Starting at the line that contains "Avatar of Your lazy ass NEET step-sister" and stopping after the line that contains "Free Vector happy mother's day", transcribe the listing below exactly; do not include any pictures.

* **DATA SHOWN**
++++++

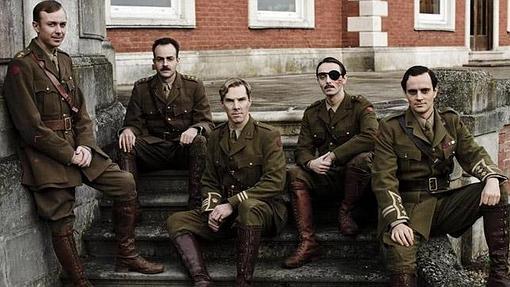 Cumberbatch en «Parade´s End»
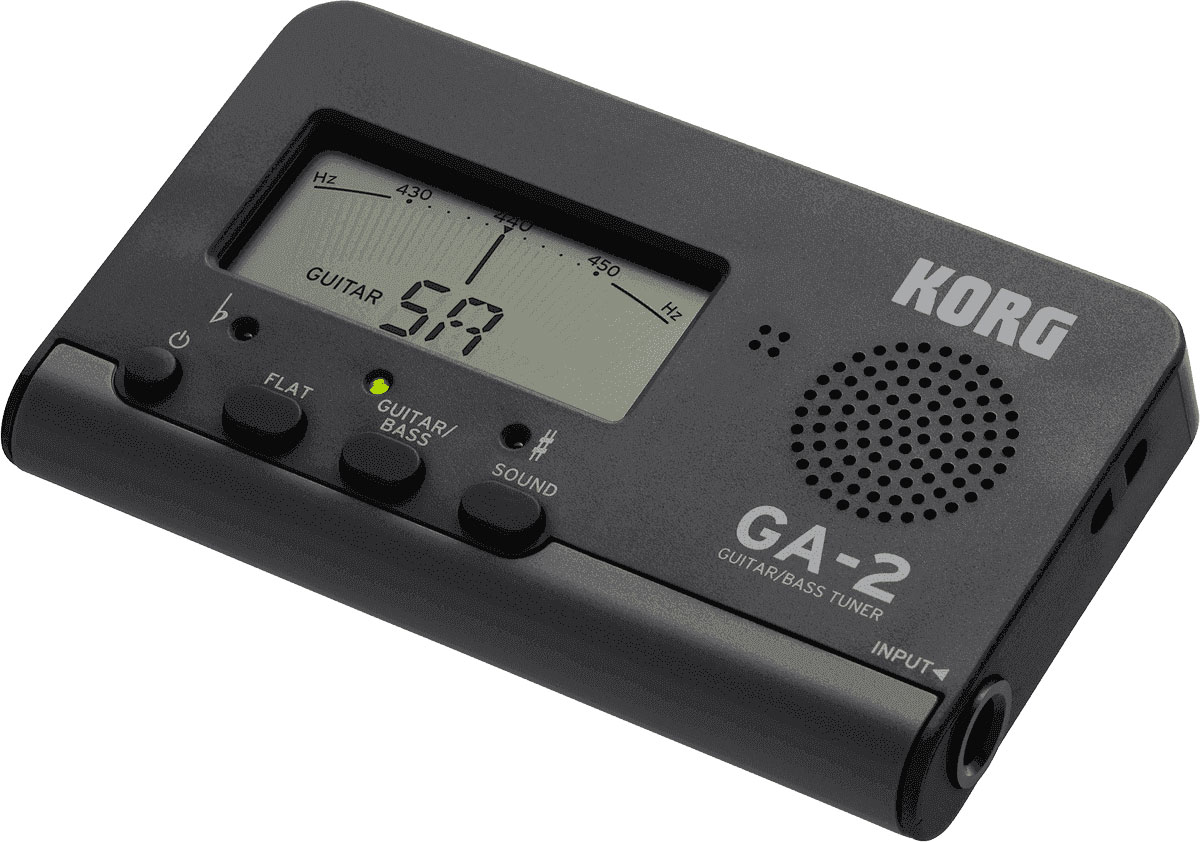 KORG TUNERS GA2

++++++

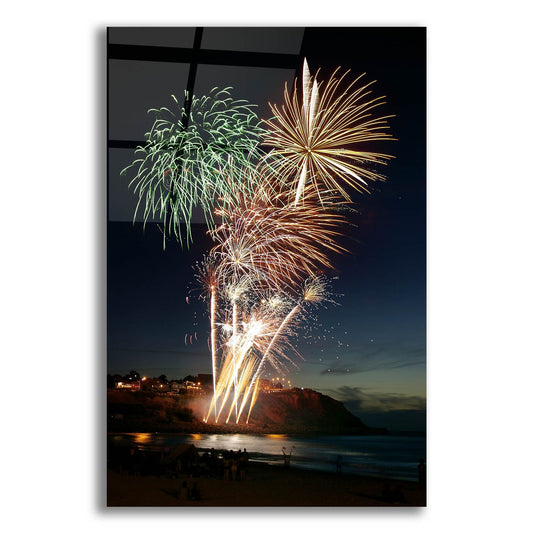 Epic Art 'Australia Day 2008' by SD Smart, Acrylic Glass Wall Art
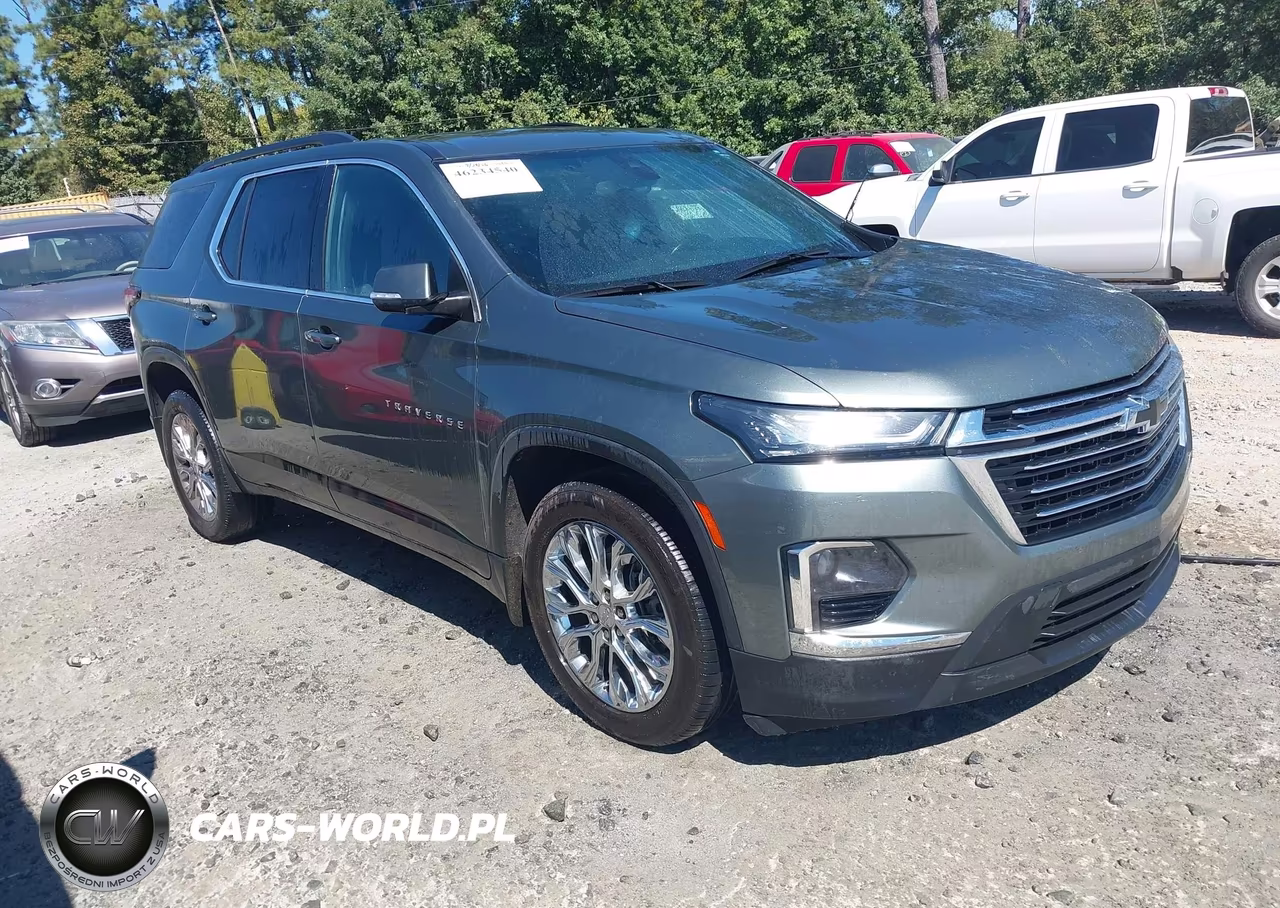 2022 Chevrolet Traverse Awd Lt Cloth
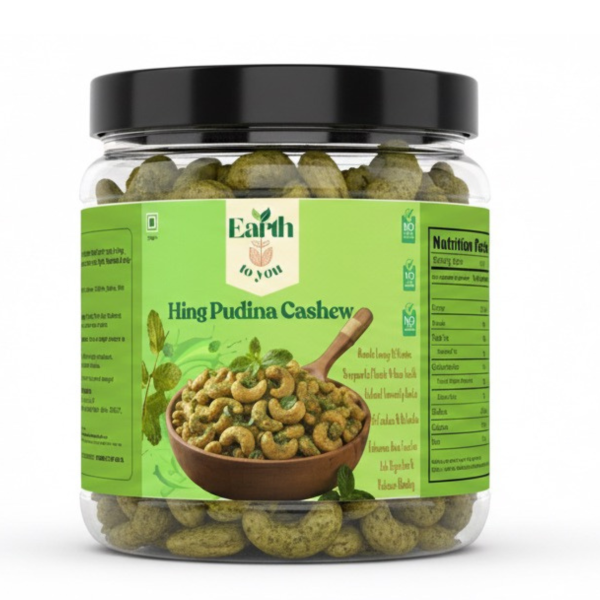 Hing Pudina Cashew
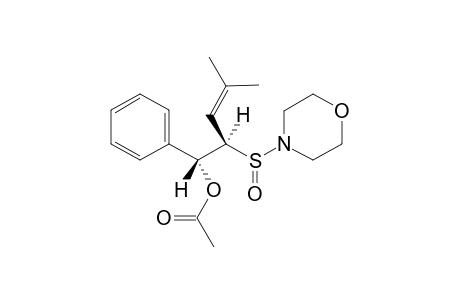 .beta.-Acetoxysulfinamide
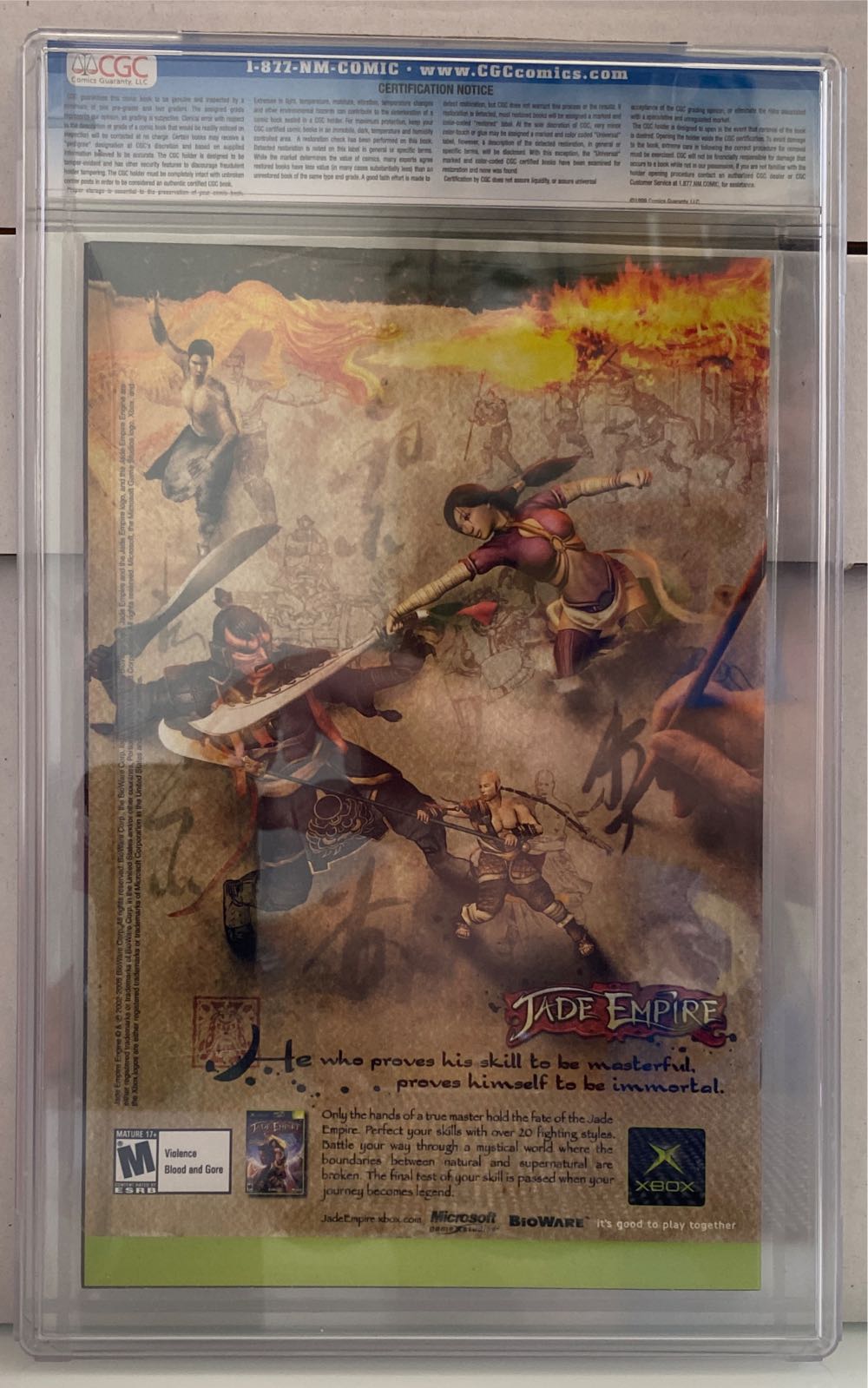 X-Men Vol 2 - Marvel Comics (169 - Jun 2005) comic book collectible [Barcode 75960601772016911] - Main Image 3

++++++

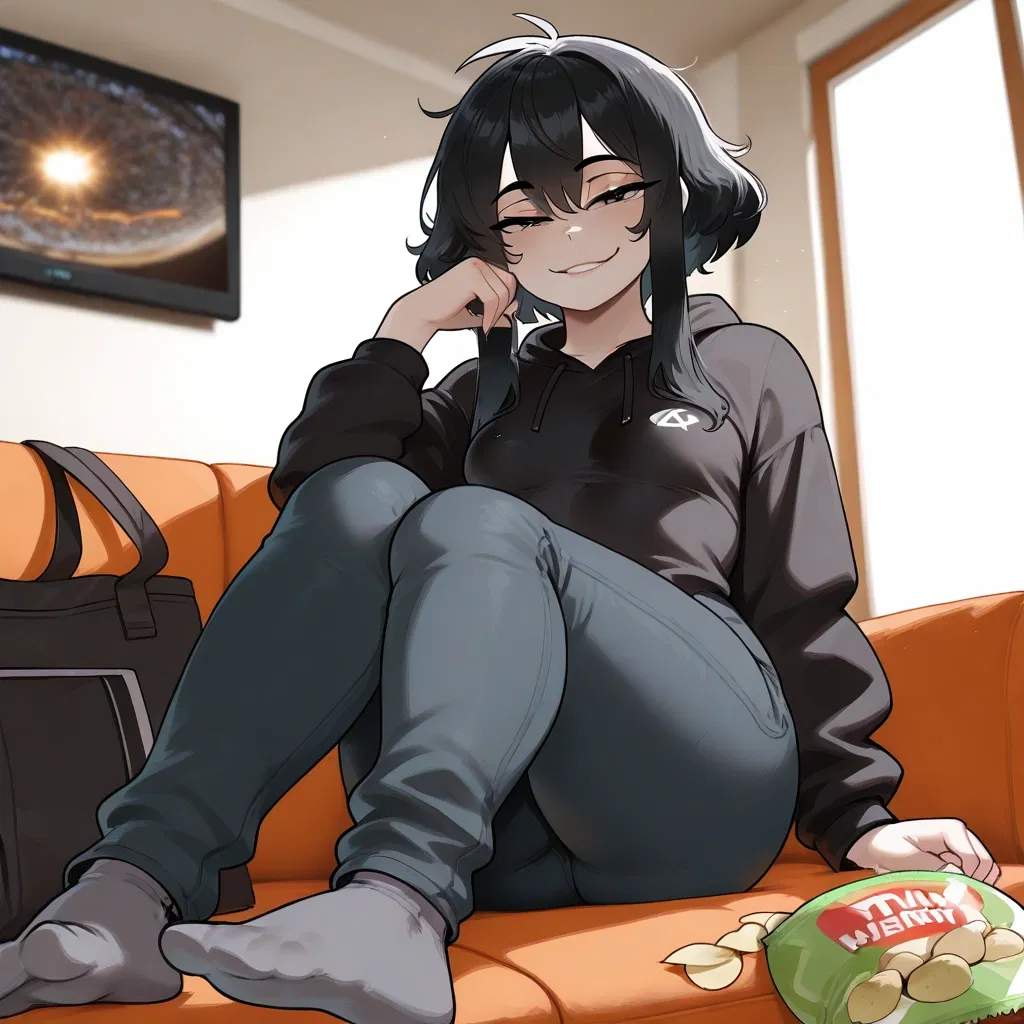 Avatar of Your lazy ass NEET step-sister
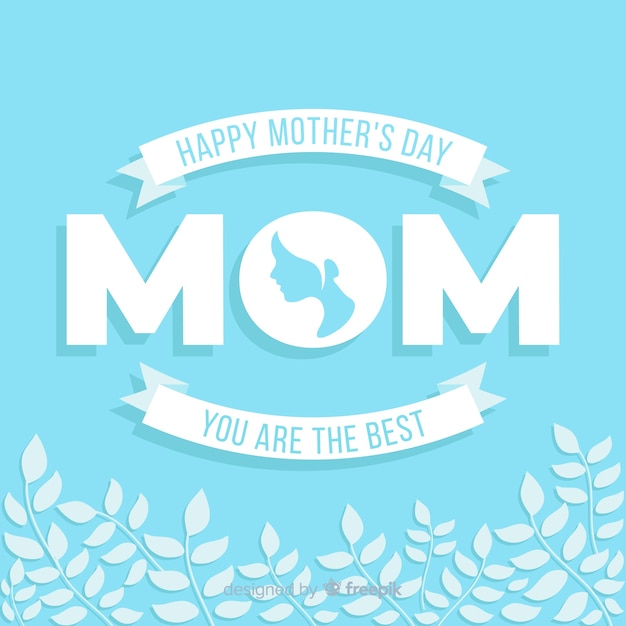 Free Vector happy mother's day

++++++

* **EXPECTED ANSWER**
 Avatar of Your lazy ass NEET step-sister
 Free Vector happy mother's day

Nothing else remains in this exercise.